## Exercise
Repeat verbatim only the lines from the opening of the material below through the one that contains "Obaapa Foundation holds".

########

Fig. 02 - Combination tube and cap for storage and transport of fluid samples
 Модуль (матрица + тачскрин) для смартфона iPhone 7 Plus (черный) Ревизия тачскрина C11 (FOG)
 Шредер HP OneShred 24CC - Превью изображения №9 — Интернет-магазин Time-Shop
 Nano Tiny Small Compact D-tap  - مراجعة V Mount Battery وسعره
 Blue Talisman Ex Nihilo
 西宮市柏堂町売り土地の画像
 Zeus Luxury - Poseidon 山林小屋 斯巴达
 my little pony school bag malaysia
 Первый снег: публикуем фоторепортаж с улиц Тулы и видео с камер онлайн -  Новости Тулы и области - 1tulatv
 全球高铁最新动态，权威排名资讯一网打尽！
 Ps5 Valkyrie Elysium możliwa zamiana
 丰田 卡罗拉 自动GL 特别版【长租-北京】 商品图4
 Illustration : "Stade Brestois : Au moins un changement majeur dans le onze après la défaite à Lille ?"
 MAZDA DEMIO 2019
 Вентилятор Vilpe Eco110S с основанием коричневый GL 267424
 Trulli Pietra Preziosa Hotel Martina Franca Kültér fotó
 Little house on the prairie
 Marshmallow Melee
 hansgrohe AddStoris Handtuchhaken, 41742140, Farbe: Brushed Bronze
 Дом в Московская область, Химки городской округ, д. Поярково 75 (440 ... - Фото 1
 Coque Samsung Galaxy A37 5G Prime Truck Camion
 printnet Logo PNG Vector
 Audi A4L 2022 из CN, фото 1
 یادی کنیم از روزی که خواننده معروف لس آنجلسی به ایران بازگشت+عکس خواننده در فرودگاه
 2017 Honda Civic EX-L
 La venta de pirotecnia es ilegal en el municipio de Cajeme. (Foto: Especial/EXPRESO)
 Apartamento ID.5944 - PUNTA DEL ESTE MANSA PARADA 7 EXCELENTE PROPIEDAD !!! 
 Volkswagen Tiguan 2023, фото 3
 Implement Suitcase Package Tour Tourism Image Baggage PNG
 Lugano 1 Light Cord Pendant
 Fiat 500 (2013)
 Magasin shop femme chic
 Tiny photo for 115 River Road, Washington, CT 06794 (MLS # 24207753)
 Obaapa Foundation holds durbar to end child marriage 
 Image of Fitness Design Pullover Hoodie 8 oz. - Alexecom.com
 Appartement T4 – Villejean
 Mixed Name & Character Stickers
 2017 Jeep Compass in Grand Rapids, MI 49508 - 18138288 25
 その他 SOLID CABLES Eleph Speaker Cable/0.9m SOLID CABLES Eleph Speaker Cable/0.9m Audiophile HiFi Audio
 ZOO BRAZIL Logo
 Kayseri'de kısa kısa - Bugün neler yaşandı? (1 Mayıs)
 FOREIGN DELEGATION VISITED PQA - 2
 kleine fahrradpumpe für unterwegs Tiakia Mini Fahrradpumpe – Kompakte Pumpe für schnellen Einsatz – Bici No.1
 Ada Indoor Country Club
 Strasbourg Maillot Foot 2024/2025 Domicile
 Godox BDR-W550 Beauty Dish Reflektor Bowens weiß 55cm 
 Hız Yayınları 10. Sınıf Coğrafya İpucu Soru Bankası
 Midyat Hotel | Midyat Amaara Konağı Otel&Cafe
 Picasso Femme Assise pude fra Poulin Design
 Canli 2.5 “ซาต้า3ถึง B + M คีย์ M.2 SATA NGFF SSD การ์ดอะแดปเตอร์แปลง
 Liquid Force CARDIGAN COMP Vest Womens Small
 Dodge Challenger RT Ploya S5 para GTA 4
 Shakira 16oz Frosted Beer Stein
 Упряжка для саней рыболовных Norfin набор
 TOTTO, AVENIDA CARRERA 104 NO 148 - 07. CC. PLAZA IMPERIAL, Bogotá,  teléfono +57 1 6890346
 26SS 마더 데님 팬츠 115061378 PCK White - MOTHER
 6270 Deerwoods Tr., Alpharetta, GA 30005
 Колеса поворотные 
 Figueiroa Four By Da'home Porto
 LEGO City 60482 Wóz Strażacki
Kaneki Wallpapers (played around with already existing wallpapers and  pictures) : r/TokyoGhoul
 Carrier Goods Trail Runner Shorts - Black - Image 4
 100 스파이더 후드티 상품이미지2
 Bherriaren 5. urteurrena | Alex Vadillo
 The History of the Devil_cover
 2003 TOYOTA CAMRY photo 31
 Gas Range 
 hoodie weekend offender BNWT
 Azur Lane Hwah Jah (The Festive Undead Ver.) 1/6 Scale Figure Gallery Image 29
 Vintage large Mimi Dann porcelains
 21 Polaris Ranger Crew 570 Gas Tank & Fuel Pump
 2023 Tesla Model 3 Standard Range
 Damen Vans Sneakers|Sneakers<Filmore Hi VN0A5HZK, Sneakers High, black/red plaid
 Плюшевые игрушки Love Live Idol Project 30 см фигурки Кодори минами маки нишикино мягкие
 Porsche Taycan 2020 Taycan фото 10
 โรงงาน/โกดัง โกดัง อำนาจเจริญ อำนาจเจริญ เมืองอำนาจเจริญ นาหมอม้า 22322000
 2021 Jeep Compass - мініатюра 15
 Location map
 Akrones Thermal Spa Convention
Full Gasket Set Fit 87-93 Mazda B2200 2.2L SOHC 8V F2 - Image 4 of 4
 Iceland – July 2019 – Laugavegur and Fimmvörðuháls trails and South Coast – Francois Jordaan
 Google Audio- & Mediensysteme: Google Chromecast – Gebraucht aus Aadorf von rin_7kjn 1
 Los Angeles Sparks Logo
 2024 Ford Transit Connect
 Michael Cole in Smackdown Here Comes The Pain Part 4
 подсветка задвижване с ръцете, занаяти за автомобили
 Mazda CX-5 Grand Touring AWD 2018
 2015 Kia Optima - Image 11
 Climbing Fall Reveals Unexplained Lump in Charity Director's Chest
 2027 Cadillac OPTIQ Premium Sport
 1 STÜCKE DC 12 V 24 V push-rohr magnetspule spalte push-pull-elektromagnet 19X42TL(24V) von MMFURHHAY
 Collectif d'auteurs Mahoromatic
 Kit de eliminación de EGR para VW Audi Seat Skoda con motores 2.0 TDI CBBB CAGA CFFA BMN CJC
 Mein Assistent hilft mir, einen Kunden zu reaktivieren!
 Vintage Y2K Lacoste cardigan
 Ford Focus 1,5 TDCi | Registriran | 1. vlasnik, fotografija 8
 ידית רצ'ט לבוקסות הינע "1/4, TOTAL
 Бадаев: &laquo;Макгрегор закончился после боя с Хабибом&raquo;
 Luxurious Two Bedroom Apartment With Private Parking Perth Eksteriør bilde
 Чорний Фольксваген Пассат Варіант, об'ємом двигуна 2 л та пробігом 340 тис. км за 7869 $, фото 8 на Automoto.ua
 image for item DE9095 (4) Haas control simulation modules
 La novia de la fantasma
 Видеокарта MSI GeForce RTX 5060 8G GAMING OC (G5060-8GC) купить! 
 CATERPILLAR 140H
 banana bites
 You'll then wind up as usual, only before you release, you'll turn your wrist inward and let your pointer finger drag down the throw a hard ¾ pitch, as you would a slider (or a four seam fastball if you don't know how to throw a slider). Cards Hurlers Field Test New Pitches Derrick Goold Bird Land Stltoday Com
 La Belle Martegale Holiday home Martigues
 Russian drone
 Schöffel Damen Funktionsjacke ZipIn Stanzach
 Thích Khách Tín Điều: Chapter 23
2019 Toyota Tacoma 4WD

########

## Solved problem
Fig. 02 - Combination tube and cap for storage and transport of fluid samples
 Модуль (матрица + тачскрин) для смартфона iPhone 7 Plus (черный) Ревизия тачскрина C11 (FOG)
 Шредер HP OneShred 24CC - Превью изображения №9 — Интернет-магазин Time-Shop
 Nano Tiny Small Compact D-tap  - مراجعة V Mount Battery وسعره
 Blue Talisman Ex Nihilo
 西宮市柏堂町売り土地の画像
 Zeus Luxury - Poseidon 山林小屋 斯巴达
 my little pony school bag malaysia
 Первый снег: публикуем фоторепортаж с улиц Тулы и видео с камер онлайн -  Новости Тулы и области - 1tulatv
 全球高铁最新动态，权威排名资讯一网打尽！
 Ps5 Valkyrie Elysium możliwa zamiana
 丰田 卡罗拉 自动GL 特别版【长租-北京】 商品图4
 Illustration : "Stade Brestois : Au moins un changement majeur dans le onze après la défaite à Lille ?"
 MAZDA DEMIO 2019
 Вентилятор Vilpe Eco110S с основанием коричневый GL 267424
 Trulli Pietra Preziosa Hotel Martina Franca Kültér fotó
 Little house on the prairie
 Marshmallow Melee
 hansgrohe AddStoris Handtuchhaken, 41742140, Farbe: Brushed Bronze
 Дом в Московская область, Химки городской округ, д. Поярково 75 (440 ... - Фото 1
 Coque Samsung Galaxy A37 5G Prime Truck Camion
 printnet Logo PNG Vector
 Audi A4L 2022 из CN, фото 1
 یادی کنیم از روزی که خواننده معروف لس آنجلسی به ایران بازگشت+عکس خواننده در فرودگاه
 2017 Honda Civic EX-L
 La venta de pirotecnia es ilegal en el municipio de Cajeme. (Foto: Especial/EXPRESO)
 Apartamento ID.5944 - PUNTA DEL ESTE MANSA PARADA 7 EXCELENTE PROPIEDAD !!! 
 Volkswagen Tiguan 2023, фото 3
 Implement Suitcase Package Tour Tourism Image Baggage PNG
 Lugano 1 Light Cord Pendant
 Fiat 500 (2013)
 Magasin shop femme chic
 Tiny photo for 115 River Road, Washington, CT 06794 (MLS # 24207753)
 Obaapa Foundation holds durbar to end child marriage 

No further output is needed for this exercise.